Because the data-load hits in local L3 caches display better locality of reference when compared to those that hit in main memory, we now refine the analysis and study the references associated with L2-cache data-load misses that are resolved in local L3 caches, i.e., L3 hit events. Considering that Buffer Pool and Data,BSS,Heap are the two most frequently referenced address regions in the L3 caches and the buffer pool region displays a more concentrated locality of reference than Data,BSS,Heap, the analysis now focuses on it.

**Regions of the Address Space – Segments:** For the 10minute duration during which samples were collected, 302 and 570 unique segments in the buffer pool region were touched in the eight- and 32-processor p690s, respectively. Of the 302 (570) segments, four (six) account for over 90% of the buffer pool data-load activity in local L3 caches. Figure 8 (9) shows the four (six) segments and their respective Hit\_% and Unique\_cache\_line bars.



Figure 8. Distribution of TPC-C local L3-cache data-load hits across segments of Buffer Pool of the eight-processor p690



Figure 9. Distribution of TPC-C local L3-cache data-load hits across segments of Buffer Pool of the 32-processor p690

In these figures, we see that the majority of the hits reference a relatively small number of cache lines. In contrast, in the eight-processor system segment 0x070000005 and in the 32-processor system segments 0x07000039C, 0x070000336, and 0x070000009 appear to have been referenced in a much more uniform manner,

i.e., the Unique\_cache\_line bar is a larger percentage of the corresponding Hit\_% bar.

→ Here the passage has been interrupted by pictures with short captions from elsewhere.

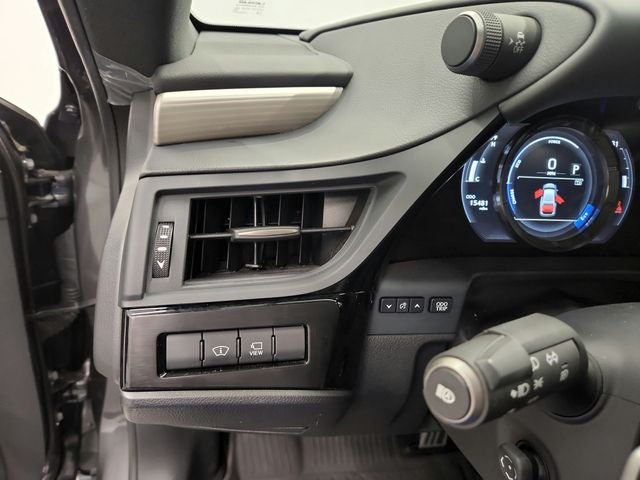 Used 2024 Gray Lexus 300h F SPORT Handling image 32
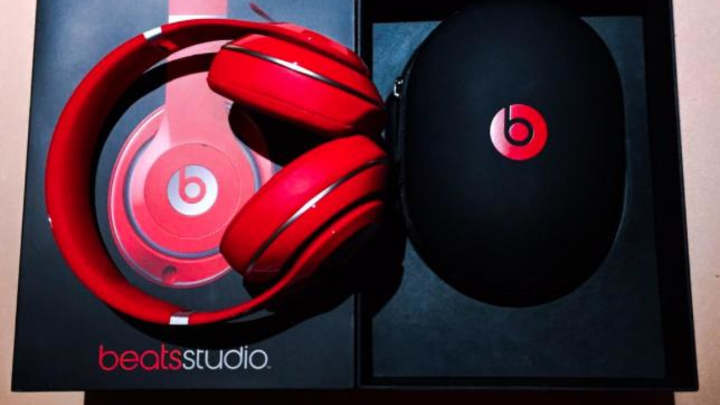 LeBron James gave OSU players Beats headphones; Oregon got some, too LeBron James gave OSU players Beats headphones; Oregon got some, too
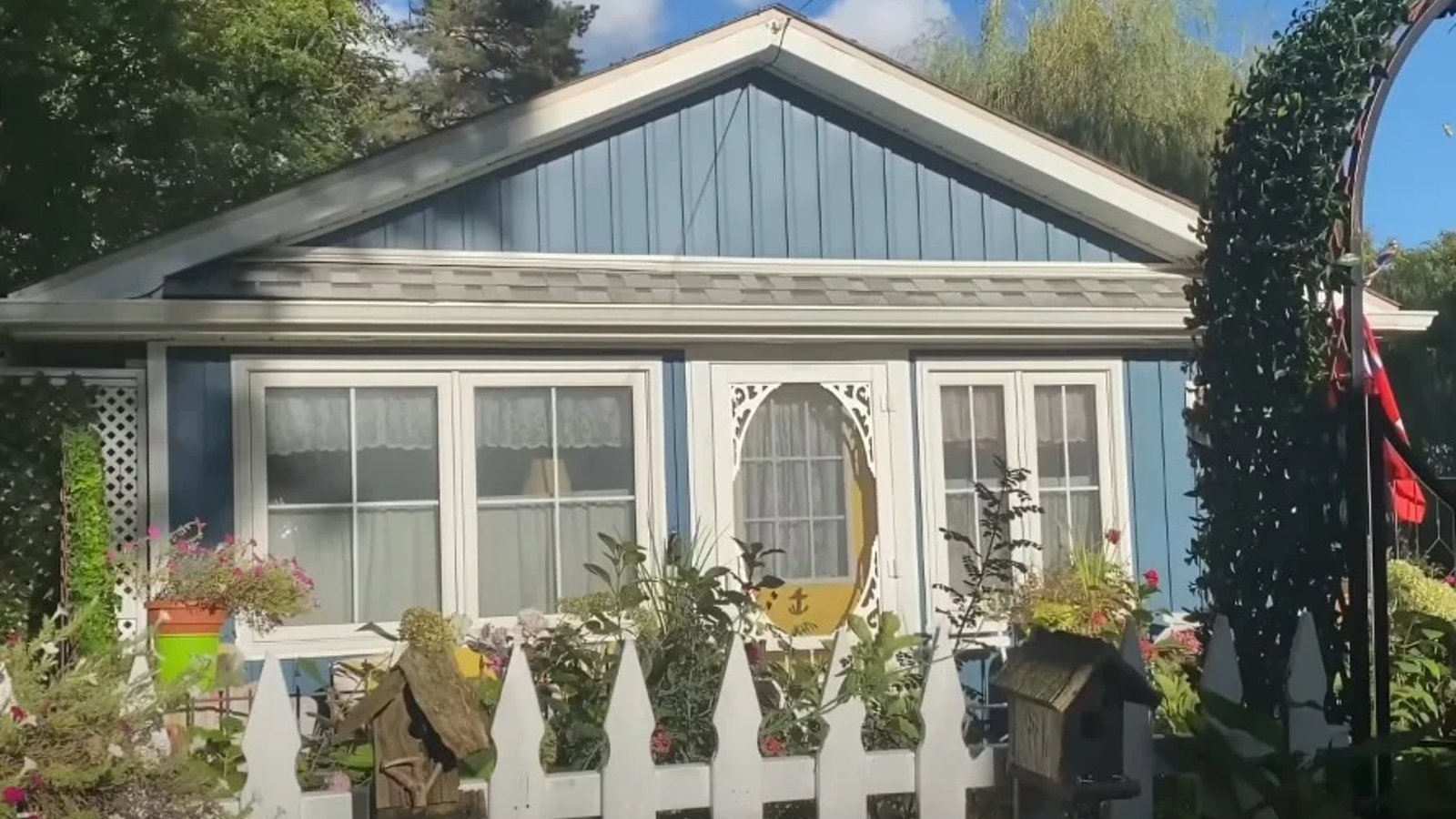 Ils ont créé un petit coin de paradis pour grand-maman dans leur jardin et le résultat est impressionnant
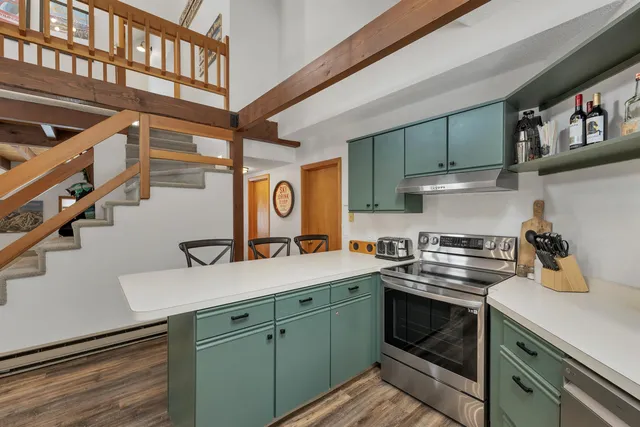 $469,900 | 4 Bear Village Road, Bartlett, NH 03812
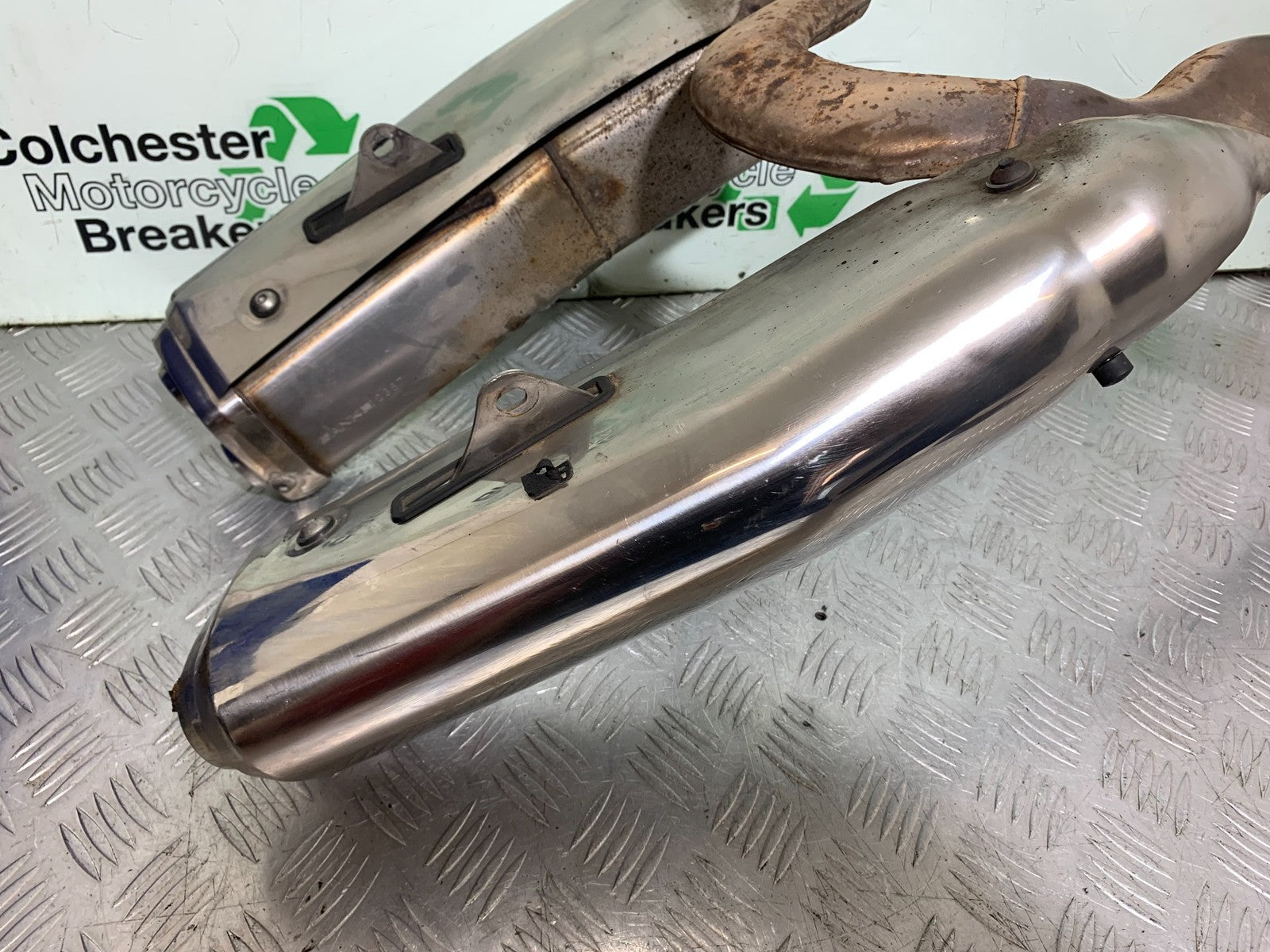 HONDA VFR800 VFR 800 V-TEC SILENCERS  YEAR 2002 -09 (CMB1296)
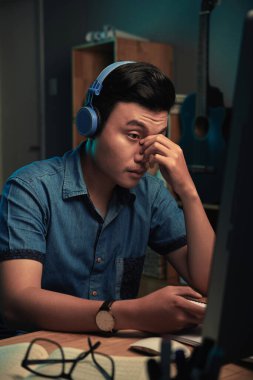 Kulaklıklı Programcı geç saate kadar çalışıyor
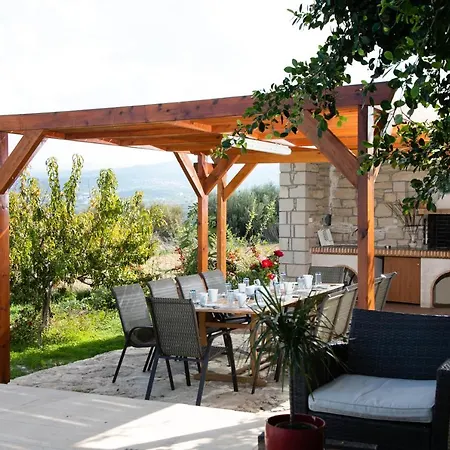 别墅 Diamantis Villa, Serene Oasis With Seaviews, By Thinkvilla *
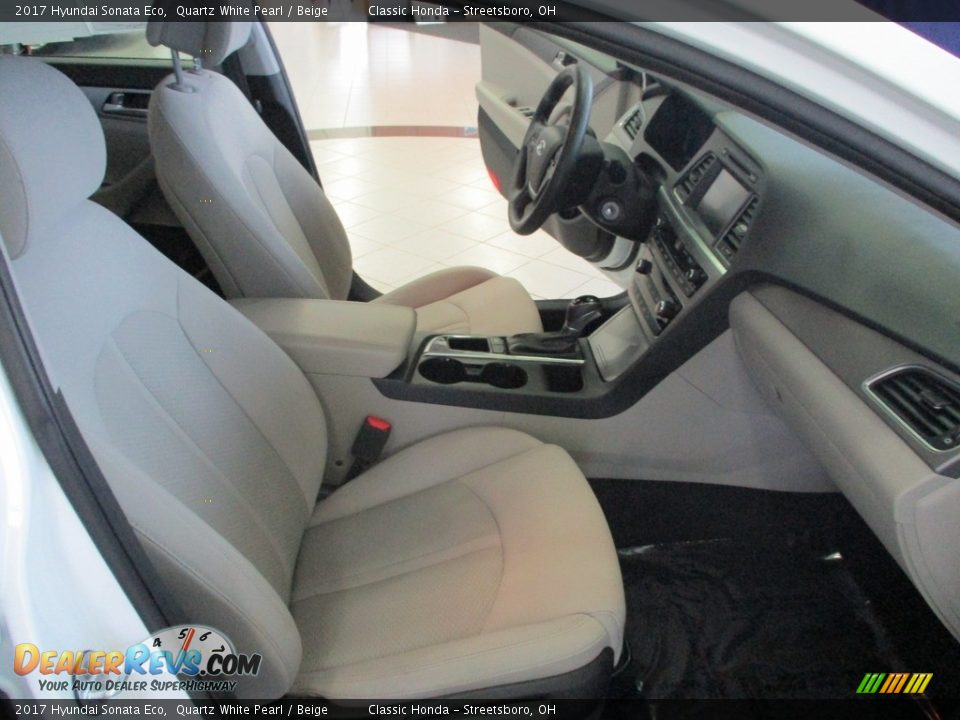 Front Seat of 2017 Hyundai Sonata Eco Photo #17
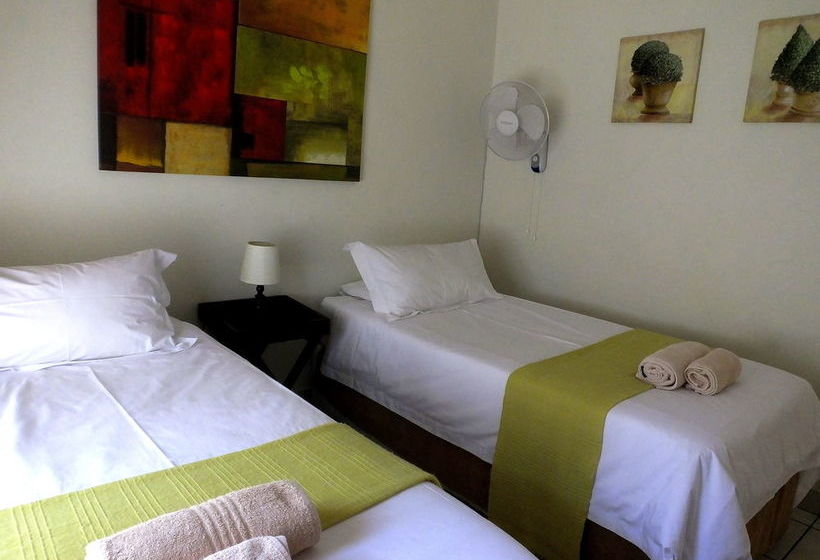 Sunshine Self Catering 10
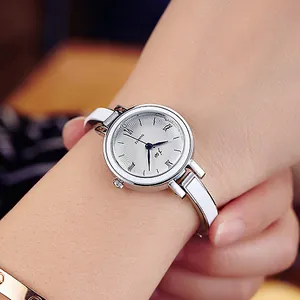 Montre à quartz élégante JW pour femme avec bracelet argenté et cadran blanc romain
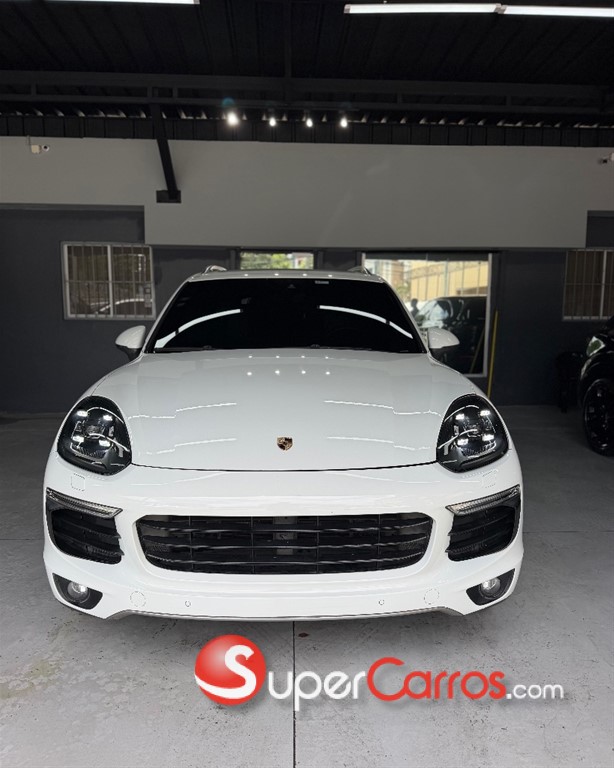 2016 Porsche Cayenne — foto 3 / 12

Note that because the 32-processor p690 consists of four MCMs, while the eight-processor system consists of two MCMs, the amount of physical memory available in the memory hierarchy of the 32-processor system is larger than that of the eight-processor system. As such, the amount of physical memory allocated to the buffer pool address region differs. Consequently, the number of segments touched, as well as those accounting for the majority of data-load references, during the 10-minute observation period is significantly larger in the 32processor system.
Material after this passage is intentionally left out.